What you hand back must match the listing exactly.

---------------

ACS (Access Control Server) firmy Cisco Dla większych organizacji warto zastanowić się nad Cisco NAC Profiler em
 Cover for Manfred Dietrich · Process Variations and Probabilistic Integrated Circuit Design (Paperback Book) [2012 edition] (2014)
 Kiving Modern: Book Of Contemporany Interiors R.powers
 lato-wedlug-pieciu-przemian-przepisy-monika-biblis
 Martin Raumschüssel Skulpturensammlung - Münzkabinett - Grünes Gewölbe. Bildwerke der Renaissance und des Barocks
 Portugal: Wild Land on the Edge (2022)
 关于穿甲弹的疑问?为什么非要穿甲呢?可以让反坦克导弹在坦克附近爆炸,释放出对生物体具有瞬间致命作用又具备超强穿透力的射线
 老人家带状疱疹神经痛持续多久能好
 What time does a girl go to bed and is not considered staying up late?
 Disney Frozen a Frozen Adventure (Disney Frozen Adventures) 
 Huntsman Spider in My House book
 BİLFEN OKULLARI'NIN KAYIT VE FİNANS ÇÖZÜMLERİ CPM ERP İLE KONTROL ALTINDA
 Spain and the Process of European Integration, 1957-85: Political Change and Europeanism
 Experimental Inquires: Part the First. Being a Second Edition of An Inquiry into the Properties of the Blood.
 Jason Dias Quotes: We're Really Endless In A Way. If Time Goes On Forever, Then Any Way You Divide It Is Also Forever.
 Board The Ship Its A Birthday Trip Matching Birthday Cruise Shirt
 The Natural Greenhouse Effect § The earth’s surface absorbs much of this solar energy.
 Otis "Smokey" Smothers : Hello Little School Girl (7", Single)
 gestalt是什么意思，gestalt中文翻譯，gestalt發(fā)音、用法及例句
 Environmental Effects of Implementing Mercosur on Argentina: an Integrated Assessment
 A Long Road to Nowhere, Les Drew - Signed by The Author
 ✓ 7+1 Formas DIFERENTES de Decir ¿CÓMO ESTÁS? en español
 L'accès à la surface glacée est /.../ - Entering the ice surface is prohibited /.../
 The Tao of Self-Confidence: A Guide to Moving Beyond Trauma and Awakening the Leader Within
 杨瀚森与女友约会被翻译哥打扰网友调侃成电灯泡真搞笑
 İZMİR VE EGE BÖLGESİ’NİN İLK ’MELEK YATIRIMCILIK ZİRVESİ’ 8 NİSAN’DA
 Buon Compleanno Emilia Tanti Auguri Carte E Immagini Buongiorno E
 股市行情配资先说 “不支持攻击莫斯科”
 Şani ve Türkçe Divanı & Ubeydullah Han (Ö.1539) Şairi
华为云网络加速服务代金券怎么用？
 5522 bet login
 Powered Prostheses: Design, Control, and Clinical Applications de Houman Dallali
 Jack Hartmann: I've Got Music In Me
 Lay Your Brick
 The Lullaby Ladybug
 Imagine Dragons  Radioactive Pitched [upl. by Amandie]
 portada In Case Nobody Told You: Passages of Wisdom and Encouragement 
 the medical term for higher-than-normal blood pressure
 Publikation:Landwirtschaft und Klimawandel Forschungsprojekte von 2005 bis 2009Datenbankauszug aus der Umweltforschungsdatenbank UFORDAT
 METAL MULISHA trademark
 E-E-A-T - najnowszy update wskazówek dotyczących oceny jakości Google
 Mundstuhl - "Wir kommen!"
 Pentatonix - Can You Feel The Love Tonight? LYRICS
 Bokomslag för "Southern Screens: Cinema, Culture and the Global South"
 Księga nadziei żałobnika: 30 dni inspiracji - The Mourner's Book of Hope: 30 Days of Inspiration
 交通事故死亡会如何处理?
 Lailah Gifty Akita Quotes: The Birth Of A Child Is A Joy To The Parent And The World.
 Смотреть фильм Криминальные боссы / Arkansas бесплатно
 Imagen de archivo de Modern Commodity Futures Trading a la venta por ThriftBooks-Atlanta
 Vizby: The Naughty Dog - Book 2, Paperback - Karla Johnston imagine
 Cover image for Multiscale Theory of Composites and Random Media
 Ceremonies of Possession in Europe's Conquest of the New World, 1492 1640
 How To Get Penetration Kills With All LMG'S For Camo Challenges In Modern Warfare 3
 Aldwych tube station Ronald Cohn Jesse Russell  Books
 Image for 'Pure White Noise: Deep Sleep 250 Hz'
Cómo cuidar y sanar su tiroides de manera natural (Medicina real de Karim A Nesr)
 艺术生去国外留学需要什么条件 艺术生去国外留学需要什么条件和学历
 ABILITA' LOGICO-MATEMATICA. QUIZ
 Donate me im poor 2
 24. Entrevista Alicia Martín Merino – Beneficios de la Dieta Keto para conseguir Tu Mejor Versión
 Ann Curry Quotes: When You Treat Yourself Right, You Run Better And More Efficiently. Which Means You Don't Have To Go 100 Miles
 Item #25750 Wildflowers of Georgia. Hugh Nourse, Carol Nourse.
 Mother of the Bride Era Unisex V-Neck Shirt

---------------

:: Task result ::
ACS (Access Control Server) firmy Cisco Dla większych organizacji warto zastanowić się nad Cisco NAC Profiler em
 Cover for Manfred Dietrich · Process Variations and Probabilistic Integrated Circuit Design (Paperback Book) [2012 edition] (2014)
 Kiving Modern: Book Of Contemporany Interiors R.powers
 lato-wedlug-pieciu-przemian-przepisy-monika-biblis
 Martin Raumschüssel Skulpturensammlung - Münzkabinett - Grünes Gewölbe. Bildwerke der Renaissance und des Barocks
 Portugal: Wild Land on the Edge (2022)
 关于穿甲弹的疑问?为什么非要穿甲呢?可以让反坦克导弹在坦克附近爆炸,释放出对生物体具有瞬间致命作用又具备超强穿透力的射线
 老人家带状疱疹神经痛持续多久能好
 What time does a girl go to bed and is not considered staying up late?
 Disney Frozen a Frozen Adventure (Disney Frozen Adventures) 
 Huntsman Spider in My House book
 BİLFEN OKULLARI'NIN KAYIT VE FİNANS ÇÖZÜMLERİ CPM ERP İLE KONTROL ALTINDA
 Spain and the Process of European Integration, 1957-85: Political Change and Europeanism
 Experimental Inquires: Part the First. Being a Second Edition of An Inquiry into the Properties of the Blood.
 Jason Dias Quotes: We're Really Endless In A Way. If Time Goes On Forever, Then Any Way You Divide It Is Also Forever.
 Board The Ship Its A Birthday Trip Matching Birthday Cruise Shirt
 The Natural Greenhouse Effect § The earth’s surface absorbs much of this solar energy.
 Otis "Smokey" Smothers : Hello Little School Girl (7", Single)
 gestalt是什么意思，gestalt中文翻譯，gestalt發(fā)音、用法及例句
 Environmental Effects of Implementing Mercosur on Argentina: an Integrated Assessment
 A Long Road to Nowhere, Les Drew - Signed by The Author
 ✓ 7+1 Formas DIFERENTES de Decir ¿CÓMO ESTÁS? en español
 L'accès à la surface glacée est /.../ - Entering the ice surface is prohibited /.../
 The Tao of Self-Confidence: A Guide to Moving Beyond Trauma and Awakening the Leader Within
 杨瀚森与女友约会被翻译哥打扰网友调侃成电灯泡真搞笑
 İZMİR VE EGE BÖLGESİ’NİN İLK ’MELEK YATIRIMCILIK ZİRVESİ’ 8 NİSAN’DA
 Buon Compleanno Emilia Tanti Auguri Carte E Immagini Buongiorno E
 股市行情配资先说 “不支持攻击莫斯科”
 Şani ve Türkçe Divanı & Ubeydullah Han (Ö.1539) Şairi
华为云网络加速服务代金券怎么用？
 5522 bet login
 Powered Prostheses: Design, Control, and Clinical Applications de Houman Dallali
 Jack Hartmann: I've Got Music In Me
 Lay Your Brick
 The Lullaby Ladybug
 Imagine Dragons  Radioactive Pitched [upl. by Amandie]
 portada In Case Nobody Told You: Passages of Wisdom and Encouragement 
 the medical term for higher-than-normal blood pressure
 Publikation:Landwirtschaft und Klimawandel Forschungsprojekte von 2005 bis 2009Datenbankauszug aus der Umweltforschungsdatenbank UFORDAT
 METAL MULISHA trademark
 E-E-A-T - najnowszy update wskazówek dotyczących oceny jakości Google
 Mundstuhl - "Wir kommen!"
 Pentatonix - Can You Feel The Love Tonight? LYRICS
 Bokomslag för "Southern Screens: Cinema, Culture and the Global South"
 Księga nadziei żałobnika: 30 dni inspiracji - The Mourner's Book of Hope: 30 Days of Inspiration
 交通事故死亡会如何处理?
 Lailah Gifty Akita Quotes: The Birth Of A Child Is A Joy To The Parent And The World.
 Смотреть фильм Криминальные боссы / Arkansas бесплатно
 Imagen de archivo de Modern Commodity Futures Trading a la venta por ThriftBooks-Atlanta
 Vizby: The Naughty Dog - Book 2, Paperback - Karla Johnston imagine
 Cover image for Multiscale Theory of Composites and Random Media
 Ceremonies of Possession in Europe's Conquest of the New World, 1492 1640
 How To Get Penetration Kills With All LMG'S For Camo Challenges In Modern Warfare 3
 Aldwych tube station Ronald Cohn Jesse Russell  Books
 Image for 'Pure White Noise: Deep Sleep 250 Hz'
Cómo cuidar y sanar su tiroides de manera natural (Medicina real de Karim A Nesr)
 艺术生去国外留学需要什么条件 艺术生去国外留学需要什么条件和学历
 ABILITA' LOGICO-MATEMATICA. QUIZ
 Donate me im poor 2
 24. Entrevista Alicia Martín Merino – Beneficios de la Dieta Keto para conseguir Tu Mejor Versión
 Ann Curry Quotes: When You Treat Yourself Right, You Run Better And More Efficiently. Which Means You Don't Have To Go 100 Miles
 Item #25750 Wildflowers of Georgia. Hugh Nourse, Carol Nourse.
 Mother of the Bride Era Unisex V-Neck Shirt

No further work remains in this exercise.